Der Text dürfte also mit einiger Wahrscheinlichkeit am Mittwoch deutlich entschärft werden, das ist gewissermaßen der erste Waschgang. Danach ist der Gallo-Bericht mit den ergänzenden Stellungnahmen des Innen- sowie Industrieausschusses (IMCO bzw. ITRE) zu akkordieren. Erst dann wird das Vorhaben im Plenum in erster Lesung behandelt.
Der Rechtsausschuss ist in Sachen "geistiges Eigentum" zwar federführend, aber auch der Innen- und Industrieausschuss haben dabei mitzureden. Der österreichische Abgeordnete Paul Rübig (EVP) hat für den Industrieausschuss eine Meinung zum Thema verfasst, die er am Mittwoch vortragen wird.
Die für den Mittwoch zusätzlich geplante Abstimmung wurde angesichts der Unzahl von Änderungsvorschlägen verschoben.
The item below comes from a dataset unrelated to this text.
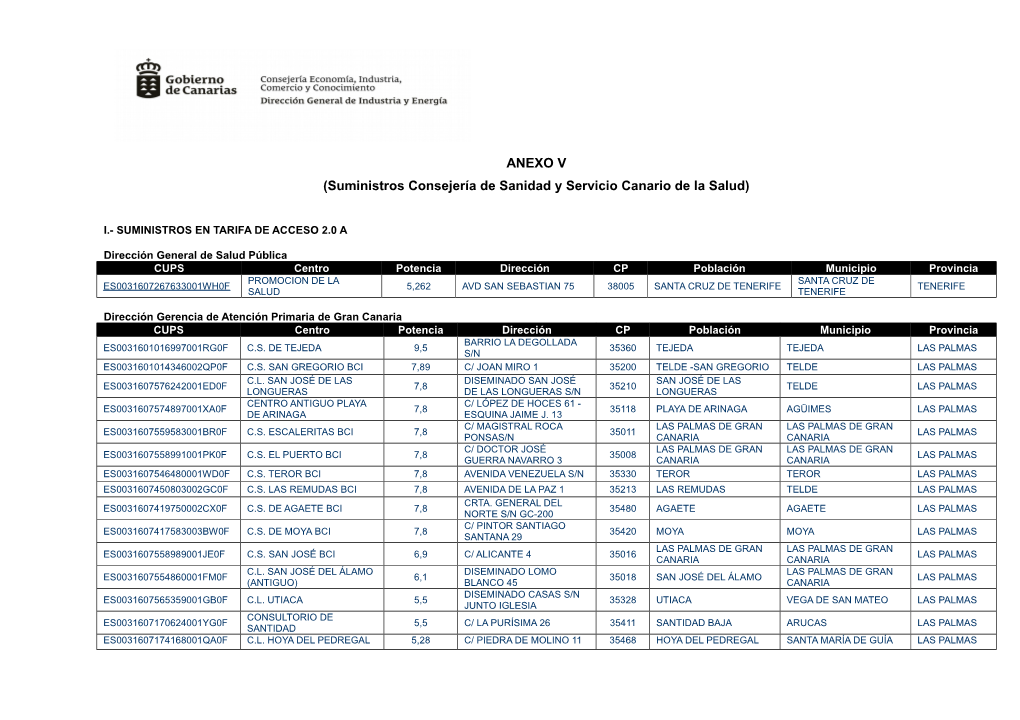 Suministros Consejería De Sanidad Y Servicio Canario De La Salud)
Anders als seine Fraktionskollegin Gallo konzentriert sich Rübigs Stellungnahme ganz auf die echte Produktpiraterie, von gefälschten Arzneimitteln angefangen bis zum Maschinenbau. Zu Rübigs Bericht gibt es lediglich 31 Änderungsvorschläge, die allesamt wenig vom bestehenden Text abweichen.